A lot of it had to do with Cork gaining a foothold and suffocating Kerry when they attempted to clear their lines.

But there wasn’t as much adventure in their football, as evidenced by the fact there was 36 minutes between that O’Sullivan point and Brosnan’s 72nd-minute effort.

It took Cork 30 minutes to reduce their arrears from nine to one, the first couple of points coming from Daniel Goulding’s left boot in the space of a minute.

But their comeback may have been accelerated had Coldrick, with the advice of his linesman Cormac Reilly, taken a harder line with Kieran Donaghy for an apparent stamp on Noel O’Leary.

The Cork defender was unfairly holding back Donaghy but the Kerryman’s reaction was rash and he could count himself lucky to only get a yellow card.

The attention O’Leary required after the incident was just one of several stoppages in the second half as Cork players — Ciarán Sheehan being the biggest worry — hobbled off and crafty Kerry made as much of the injuries they had in energy-sapping conditions.

Still, Kerry’s attempts to run down the clock weren’t enough to put off Cork’s revival.

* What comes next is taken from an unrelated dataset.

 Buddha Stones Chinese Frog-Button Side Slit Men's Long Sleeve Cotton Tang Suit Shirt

Kerrigan, who had a shot saved by Brendan Kealy just two minutes in, scored his first couple of points either side of another Goulding free.

The margin was cut to three when Donncha O’Connor, who hadn’t got much purchase from Marc Ó Sé, converted a penalty after the Kerry full-back was deemed to have touched the ball on the ground in denying Kerrigan yet again.

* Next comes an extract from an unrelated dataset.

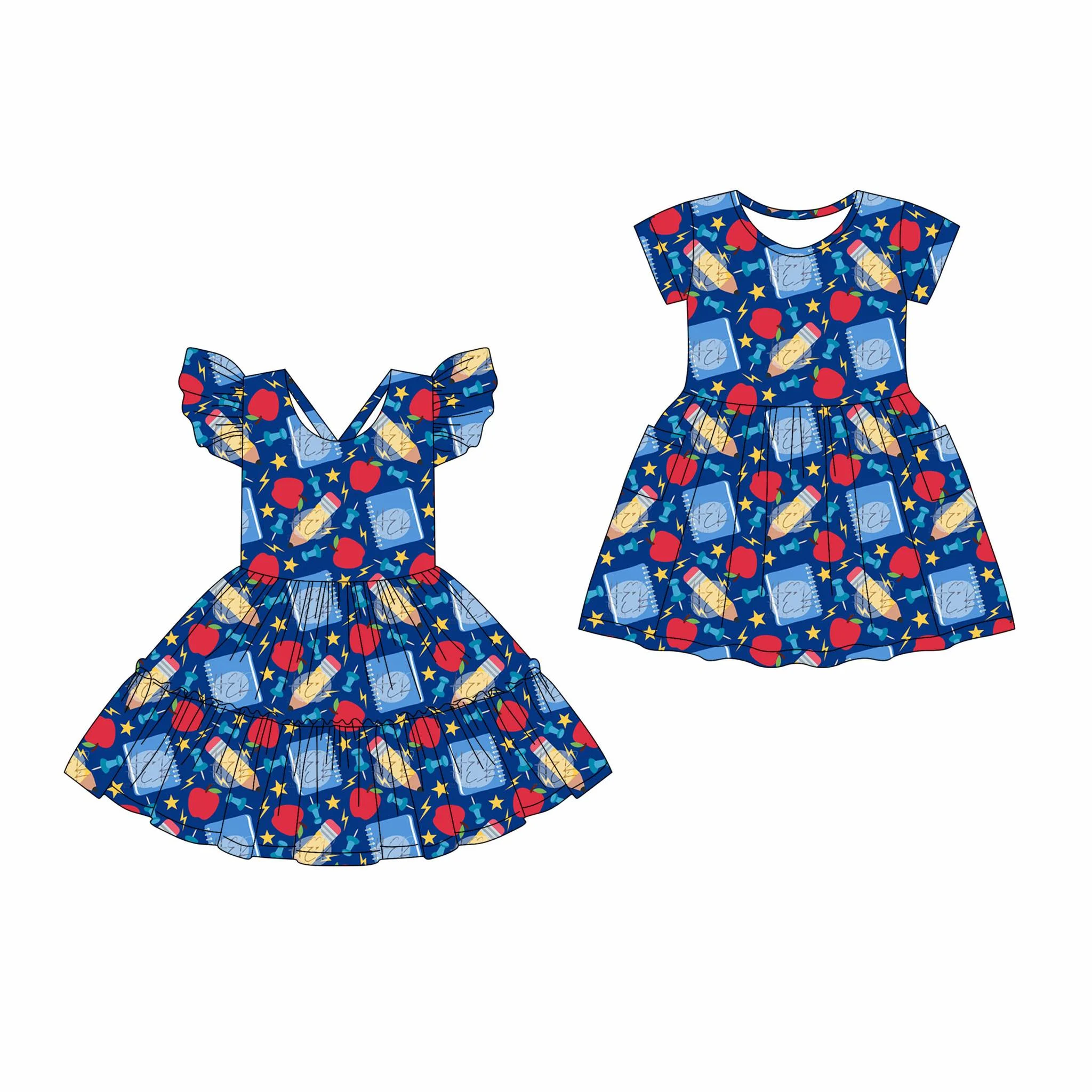 

Летняя мода «Снова в школу», наряды для маленьких девочек, стильное платье для маленьких девочек, платье-карандаш с принтом яблока, маленькое платье с летящими рукавами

The move that led to the shot was purposeful, involving marauding moves from Aidan Walsh and the excellent Alan O’Connor. It was typical of the direct running that brought Cork back into the game.

An Ó Sé attempted hand-pass was intercepted and turned into an Alan O’Connor point before substitute Barry John Keane was overturned and the ball found its way over the bar from Kerrigan.

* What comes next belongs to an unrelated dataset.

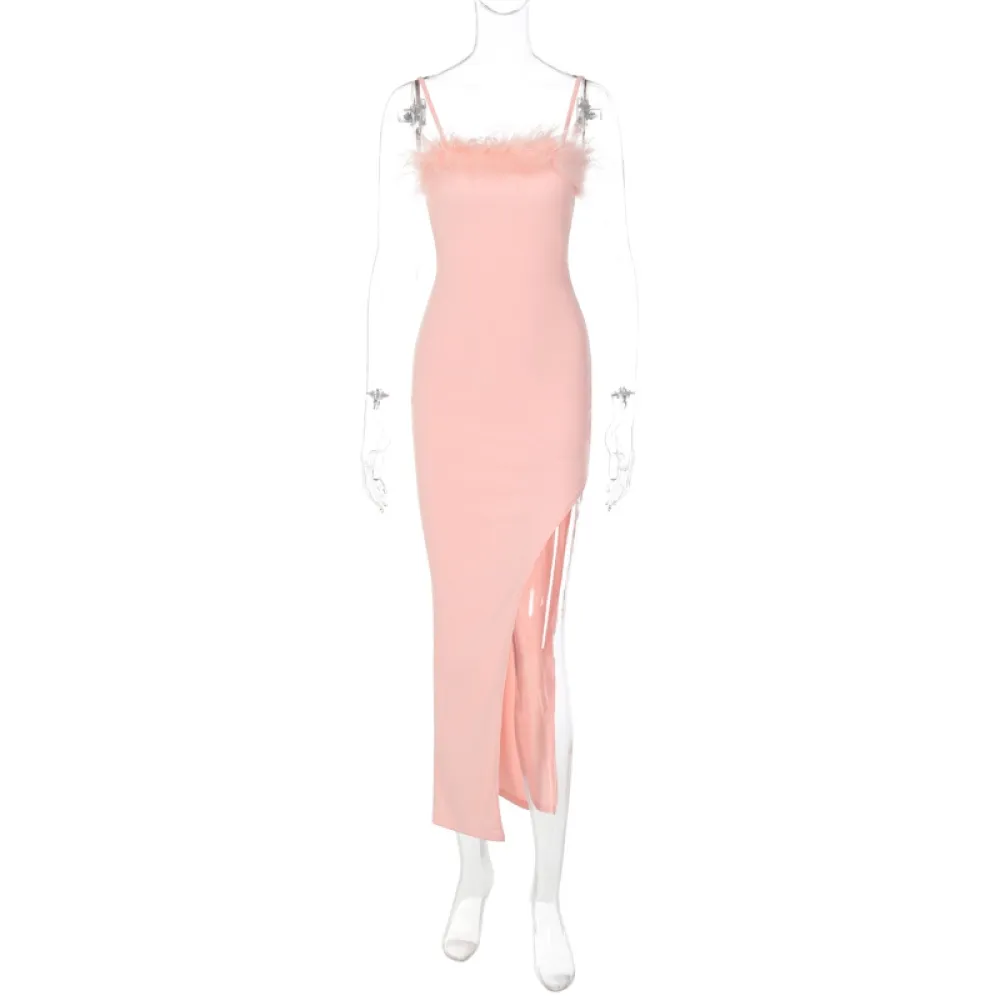 E la moda nuovo 2023 autunno Ins Style Furry monospalla sottile spacco abito con bretella per le donne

They had everything going with them before Miskella’s golden chance but will be asking why they have found themselves so far behind against genuine challengers to their throne in their two biggest games this year.

Their own kick-out strategy in the first half will have to be debated in-camp while Conor Counihan will ponder whether he got the right match-ups.

If Michael Shields was keeping tabs on Colm Cooper his fellow Cork defenders were struggling, namely Kissane and Canty on the two O’Sullivans in the forward line.

He scored one of Kerry’s unanswered four opening scores and left Kissane trailing in the 15th minute to hit the roof of the net after a trademark burst following a Kieran O’Leary lay-off.

He could have had a second a minute later when Donaghy supplied him but Alan Quirke was alert enough to push it out for a 45. Three Cork scores on the trot made it 1-5 to 0-5 but Kerry finished the half tremendously, Declan O’Sullivan kicking three of five points, although he and O’Leary and Bryan Sheehan, the other two point-finishers, could thank the pressure put on the likes of Kissane and Aidan Walsh in kicking Cork possession away.

Such was Kerry’s dominance, they had eight wides in the first half. All but an irrelevance now because of a not-so accurate strike at goal. July garlands to Kerry, then. But you get the feeling this is far from over.

Scorers for Kerry: Declan O’Sullivan 0-5; Darran O’Sullivan 1-0; C Cooper (1f), K Donaghy, B Sheehan 0-2 each; K O’Leary, D Walsh, E Brosnan, J O’Donoghue 0-1 each.

Scorers for Cork: D Goulding 0-5 (3f); D O’Connor 1-1 (1-0 pen); P Kerrigan 0-3; P Kelly, C Sheehan, A O’Connor 0-1 each.

Subs for Kerry: B J Keane for O’Leary (53); M Quirke for Sheehan (57); D Bohan for Enright (63); J O’Donoghue for Darran O’Sullivan (67).

Subs for Cork: E Cotter for J O’Sullivan (ht); F Goold for Sheehan (41); E Cadogan for Kissane (49); D O’Sullivan for Miskella (70); F Lynch for Kerrigan (71).